===== Records supplied

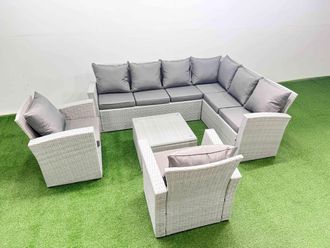 Fimous Rattan Garden Outdoor Furniture Set 8 Seater Rattan Garden Sofa Sets in Light Grey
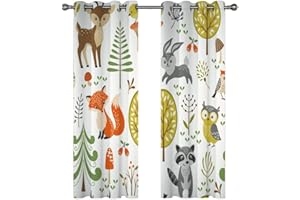 Fashionapple Tende Oscuranti Termiche Isolanti Cartoon bambini animali della foresta Finestre Soggiorno Moderne 2 Pezzi Stampa 3D Oscuranti Termiche Isolanti 140x160cm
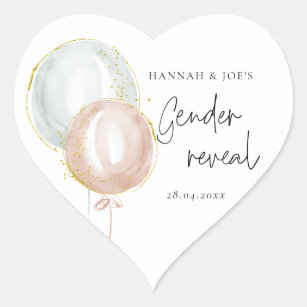 Pink & Blue Balloon Gender Reveal Favour Party Heart Sticker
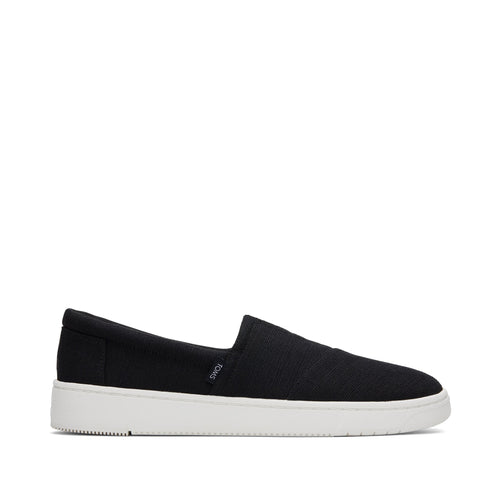TRVL LITE Alpargata Black Slip On Sneaker Side View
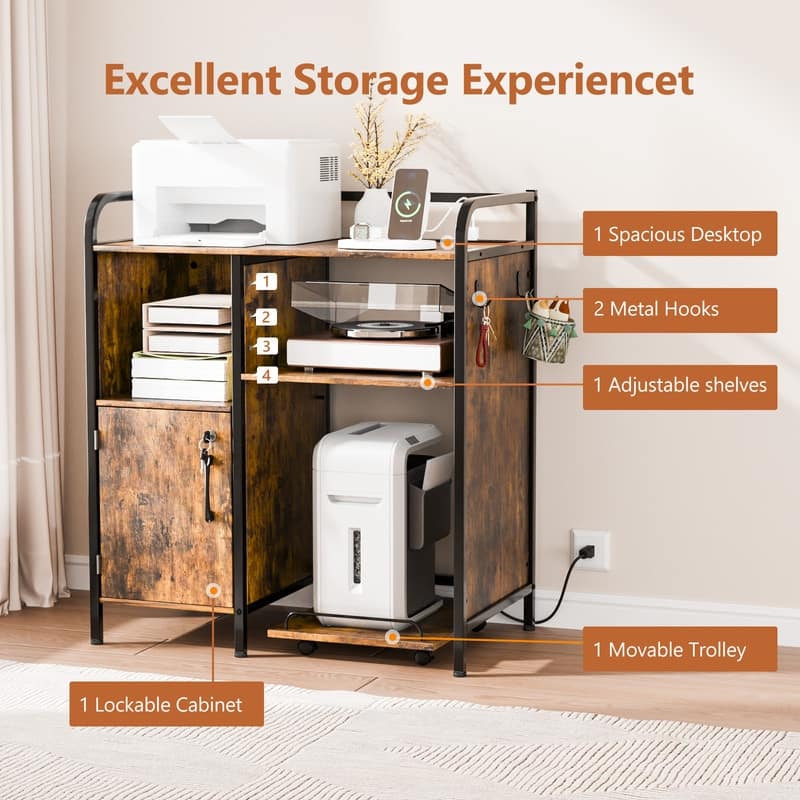 Cabinet with Rolling Cart Printer Stand Brown P2 Particleboard 31.5x17.7x35.4 inches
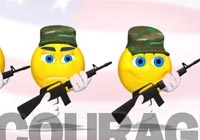 Patriotic Military Happy Face Ecard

==========

→ Exercise instructions
Where the line containing "Pink & Blue" appears in the data above, begin there and output every line through the last, exactly and without pictures.

→ Result
 Pink & Blue Balloon Gender Reveal Favour Party Heart Sticker
TRVL LITE Alpargata Black Slip On Sneaker Side View
 Cabinet with Rolling Cart Printer Stand Brown P2 Particleboard 31.5x17.7x35.4 inches
 Patriotic Military Happy Face Ecard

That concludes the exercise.